Política de preços diferenciada

Bacelar explicou que a alta nos preços – prejudicial aos consumidores e com potencial de impactar a inflação – é uma consequência da privatização de subsidiárias da Petrobras, como a BR Distribuidora e a Liquigás, que operavam no segmento de distribuição de combustíveis.

“A Petrobras possuía uma estrutura muito mais integrada e verticalizada no passado, configurando-se como a antiga empresa ‘do poço ao posto’”, ressaltou o líder sindical.

“Uma empresa petrolífera que abrange desde a exploração e produção até o transporte, refino, distribuição e venda de derivados, tem a capacidade de implementar uma política de preços mais flexível”, comparou Bacelar, defensor da verticalização de todas as fases da cadeia de suprimentos de petróleo na Petrobras.

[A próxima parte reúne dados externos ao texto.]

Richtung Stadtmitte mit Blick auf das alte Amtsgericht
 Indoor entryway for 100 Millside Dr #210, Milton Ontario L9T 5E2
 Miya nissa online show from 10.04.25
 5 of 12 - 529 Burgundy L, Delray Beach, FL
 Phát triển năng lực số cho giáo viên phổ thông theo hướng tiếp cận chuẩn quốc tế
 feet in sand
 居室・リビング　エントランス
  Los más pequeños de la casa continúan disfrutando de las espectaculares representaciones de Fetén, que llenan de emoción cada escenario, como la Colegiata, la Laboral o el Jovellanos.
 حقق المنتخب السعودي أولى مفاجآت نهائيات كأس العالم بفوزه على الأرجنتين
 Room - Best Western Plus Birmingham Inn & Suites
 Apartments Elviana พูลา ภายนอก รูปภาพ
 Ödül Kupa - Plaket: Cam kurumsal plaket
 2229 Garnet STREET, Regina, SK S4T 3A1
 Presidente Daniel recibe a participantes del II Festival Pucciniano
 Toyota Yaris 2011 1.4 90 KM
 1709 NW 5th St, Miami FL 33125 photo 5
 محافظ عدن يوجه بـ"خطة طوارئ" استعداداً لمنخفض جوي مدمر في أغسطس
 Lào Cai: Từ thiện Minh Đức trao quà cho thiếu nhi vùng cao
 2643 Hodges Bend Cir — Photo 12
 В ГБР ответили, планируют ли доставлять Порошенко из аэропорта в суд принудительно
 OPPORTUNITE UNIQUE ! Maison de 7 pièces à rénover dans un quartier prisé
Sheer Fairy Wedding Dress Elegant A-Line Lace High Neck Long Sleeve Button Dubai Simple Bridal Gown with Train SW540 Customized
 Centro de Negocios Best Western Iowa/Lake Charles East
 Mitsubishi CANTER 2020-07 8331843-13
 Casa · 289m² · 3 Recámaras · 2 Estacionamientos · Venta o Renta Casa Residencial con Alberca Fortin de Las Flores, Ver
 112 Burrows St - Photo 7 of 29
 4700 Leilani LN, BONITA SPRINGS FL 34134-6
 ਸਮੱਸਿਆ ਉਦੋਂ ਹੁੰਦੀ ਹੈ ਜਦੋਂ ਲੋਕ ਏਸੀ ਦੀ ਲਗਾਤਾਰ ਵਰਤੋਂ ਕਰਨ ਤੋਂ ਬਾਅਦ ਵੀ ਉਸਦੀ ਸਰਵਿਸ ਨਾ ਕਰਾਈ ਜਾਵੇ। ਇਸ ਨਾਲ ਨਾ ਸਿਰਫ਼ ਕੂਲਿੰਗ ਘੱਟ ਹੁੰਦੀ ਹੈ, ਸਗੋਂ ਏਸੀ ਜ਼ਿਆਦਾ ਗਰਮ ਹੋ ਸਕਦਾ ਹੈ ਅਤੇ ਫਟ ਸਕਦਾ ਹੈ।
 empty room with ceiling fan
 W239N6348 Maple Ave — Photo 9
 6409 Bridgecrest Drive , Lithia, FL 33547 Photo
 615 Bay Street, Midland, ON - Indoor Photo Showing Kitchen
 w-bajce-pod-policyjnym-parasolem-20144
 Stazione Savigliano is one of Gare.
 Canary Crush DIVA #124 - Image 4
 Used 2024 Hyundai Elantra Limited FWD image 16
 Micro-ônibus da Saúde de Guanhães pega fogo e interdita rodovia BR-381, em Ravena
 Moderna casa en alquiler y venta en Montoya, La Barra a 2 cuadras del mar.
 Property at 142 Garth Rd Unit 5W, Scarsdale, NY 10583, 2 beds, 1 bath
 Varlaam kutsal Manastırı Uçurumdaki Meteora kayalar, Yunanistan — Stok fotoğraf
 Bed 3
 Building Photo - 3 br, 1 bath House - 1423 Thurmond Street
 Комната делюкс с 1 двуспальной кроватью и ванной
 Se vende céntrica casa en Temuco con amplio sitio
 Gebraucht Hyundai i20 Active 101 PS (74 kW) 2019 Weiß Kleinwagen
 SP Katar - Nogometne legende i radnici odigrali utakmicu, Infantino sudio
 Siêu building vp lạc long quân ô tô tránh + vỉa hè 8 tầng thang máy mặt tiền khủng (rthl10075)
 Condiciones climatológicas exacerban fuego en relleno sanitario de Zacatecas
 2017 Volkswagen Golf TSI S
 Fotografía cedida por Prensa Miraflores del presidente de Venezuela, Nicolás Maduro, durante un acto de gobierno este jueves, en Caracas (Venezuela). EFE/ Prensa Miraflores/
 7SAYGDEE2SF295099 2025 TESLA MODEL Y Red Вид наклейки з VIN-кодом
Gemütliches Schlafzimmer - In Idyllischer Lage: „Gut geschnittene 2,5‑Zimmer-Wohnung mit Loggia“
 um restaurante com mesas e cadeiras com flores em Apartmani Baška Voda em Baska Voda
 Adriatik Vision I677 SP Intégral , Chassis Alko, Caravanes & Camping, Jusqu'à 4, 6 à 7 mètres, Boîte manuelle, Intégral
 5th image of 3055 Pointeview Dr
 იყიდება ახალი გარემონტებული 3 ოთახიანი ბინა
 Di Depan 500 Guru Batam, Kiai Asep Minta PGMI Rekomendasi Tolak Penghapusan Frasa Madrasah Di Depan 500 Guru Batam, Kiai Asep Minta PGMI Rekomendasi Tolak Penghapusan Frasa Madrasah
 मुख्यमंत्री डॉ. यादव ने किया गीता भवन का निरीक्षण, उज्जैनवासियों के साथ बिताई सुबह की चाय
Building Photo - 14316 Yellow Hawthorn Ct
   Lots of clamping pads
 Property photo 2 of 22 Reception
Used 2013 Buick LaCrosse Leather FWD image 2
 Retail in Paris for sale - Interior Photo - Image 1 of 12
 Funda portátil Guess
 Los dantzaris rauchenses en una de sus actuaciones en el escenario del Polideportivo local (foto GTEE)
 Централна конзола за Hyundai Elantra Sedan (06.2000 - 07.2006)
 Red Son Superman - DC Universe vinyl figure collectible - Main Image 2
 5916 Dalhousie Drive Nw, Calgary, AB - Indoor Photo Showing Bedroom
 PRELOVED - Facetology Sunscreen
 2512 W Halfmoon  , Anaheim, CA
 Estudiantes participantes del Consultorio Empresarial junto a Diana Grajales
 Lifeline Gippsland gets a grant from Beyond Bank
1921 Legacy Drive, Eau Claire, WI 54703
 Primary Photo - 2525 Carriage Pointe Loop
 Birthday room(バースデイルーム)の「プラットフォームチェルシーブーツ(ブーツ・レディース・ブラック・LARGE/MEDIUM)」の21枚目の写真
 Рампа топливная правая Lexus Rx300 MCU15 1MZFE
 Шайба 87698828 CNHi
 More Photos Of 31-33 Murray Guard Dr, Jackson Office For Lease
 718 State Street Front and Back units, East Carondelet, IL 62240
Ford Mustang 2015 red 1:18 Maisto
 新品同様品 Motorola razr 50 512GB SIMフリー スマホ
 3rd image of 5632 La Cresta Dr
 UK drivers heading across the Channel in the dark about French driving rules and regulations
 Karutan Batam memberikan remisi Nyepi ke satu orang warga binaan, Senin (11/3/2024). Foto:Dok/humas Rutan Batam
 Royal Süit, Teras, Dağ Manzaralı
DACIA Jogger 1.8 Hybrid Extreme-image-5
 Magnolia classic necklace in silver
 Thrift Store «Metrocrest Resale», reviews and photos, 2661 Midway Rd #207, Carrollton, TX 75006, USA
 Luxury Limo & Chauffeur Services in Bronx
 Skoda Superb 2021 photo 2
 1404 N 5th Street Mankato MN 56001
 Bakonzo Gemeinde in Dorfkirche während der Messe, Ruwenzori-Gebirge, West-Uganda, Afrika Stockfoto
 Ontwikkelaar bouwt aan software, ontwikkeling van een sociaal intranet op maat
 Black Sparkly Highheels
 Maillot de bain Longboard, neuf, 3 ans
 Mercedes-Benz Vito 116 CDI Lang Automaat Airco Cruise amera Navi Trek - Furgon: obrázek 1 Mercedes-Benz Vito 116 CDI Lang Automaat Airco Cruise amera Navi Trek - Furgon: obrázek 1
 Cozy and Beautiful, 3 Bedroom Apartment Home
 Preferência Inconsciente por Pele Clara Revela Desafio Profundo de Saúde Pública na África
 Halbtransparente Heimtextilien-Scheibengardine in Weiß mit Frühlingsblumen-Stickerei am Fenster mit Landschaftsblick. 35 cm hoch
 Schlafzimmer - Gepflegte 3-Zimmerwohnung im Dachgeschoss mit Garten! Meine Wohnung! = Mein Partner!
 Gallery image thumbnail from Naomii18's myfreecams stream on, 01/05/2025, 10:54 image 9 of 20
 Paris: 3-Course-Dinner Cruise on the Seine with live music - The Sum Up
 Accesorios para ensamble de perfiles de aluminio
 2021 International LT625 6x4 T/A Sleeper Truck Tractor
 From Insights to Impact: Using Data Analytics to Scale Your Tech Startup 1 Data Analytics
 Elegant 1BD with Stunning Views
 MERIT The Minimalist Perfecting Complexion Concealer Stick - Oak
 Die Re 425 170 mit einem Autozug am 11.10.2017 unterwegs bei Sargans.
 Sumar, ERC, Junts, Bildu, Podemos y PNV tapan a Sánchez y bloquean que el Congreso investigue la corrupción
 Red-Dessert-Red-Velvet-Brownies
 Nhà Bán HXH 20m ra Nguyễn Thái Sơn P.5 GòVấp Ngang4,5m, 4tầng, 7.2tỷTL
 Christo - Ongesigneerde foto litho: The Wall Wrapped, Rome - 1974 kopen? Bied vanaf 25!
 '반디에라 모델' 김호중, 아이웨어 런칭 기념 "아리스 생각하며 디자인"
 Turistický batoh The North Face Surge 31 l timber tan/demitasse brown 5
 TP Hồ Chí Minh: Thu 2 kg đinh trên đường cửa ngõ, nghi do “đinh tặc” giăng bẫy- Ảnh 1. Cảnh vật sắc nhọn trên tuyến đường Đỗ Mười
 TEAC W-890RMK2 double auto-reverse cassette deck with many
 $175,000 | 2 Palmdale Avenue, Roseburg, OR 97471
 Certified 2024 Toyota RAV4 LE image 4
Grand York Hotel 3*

Essa perspectiva encontra eco no meio acadêmico. Geraldo de Souza Ferreira, professor de Engenharia de Petróleo da Universidade Federal Fluminense (UFF), argumenta que a remoção de uma entidade pública de um setor tão estratégico priva o Estado de seus “mecanismos institucionais” de atuação. “Ao se retirar uma empresa pública de um segmento específico da cadeia produtiva, o Estado perde as ferramentas institucionais para efetuar qualquer tipo de intervenção”, afirmou.

Souza Ferreira enfatiza que a presença estatal no setor petrolífero é de importância estratégica.

“O petróleo e seus derivados são cruciais para a segurança energética nacional e para a sustentação de inúmeras outras atividades. Esses produtos são essenciais para a sociedade, demandando, portanto, um certo grau de controle”, salientou.

O especialista também ressalta que “enquanto uma empresa pública é guiada por sua função social, as companhias privadas têm como principal objetivo o lucro e o retorno financeiro”.

Na quarta-feira passada (11), a Vibra Energia S.A., que adquiriu a BR Distribuidora, divulgou um lucro líquido de R$ 679 milhões em 2024. “Nossos resultados financeiros e operacionais atestam a solidez e a eficiência da companhia. Observamos um crescimento contínuo das margens em todos os trimestres do ano”, declarou Ernesto Pousada, CEO da Vibra, em nota oficial.

Sem consulta ao Congresso

A Petrobras cedeu o controle da BR Distribuidora em julho de 2019, marcando o início do processo de privatização da ex-subsidiária. A venda integral foi finalizada dois anos mais tarde. Durante a gestão do então presidente Jair Bolsonaro, a administração da Petrobras argumentava que a companhia deveria concentrar-se na produção e exploração de petróleo e gás, desinvestindo na distribuição de combustíveis.

A alienação das subsidiárias da Petrobras ocorreu sem a devida consulta ao Congresso Nacional, conforme o parecer do Supremo Tribunal Federal (STF) no julgamento da Ação Direta de Inconstitucionalidade (ADI) nº 5624.

Segundo determinação liminar da Corte, de junho de 2019, “a venda do controle acionário de empresas públicas e sociedades de economia mista requer autorização legislativa e processo licitatório”. Contudo, “a necessidade de autorização legislativa não se estende à alienação do controle de suas subsidiárias e empresas controladas. Nesses casos, a transação pode ser efetuada sem licitação, desde que sejam observados os princípios da administração pública previstos no Artigo 37 da Constituição, garantindo-se sempre a competitividade necessária.”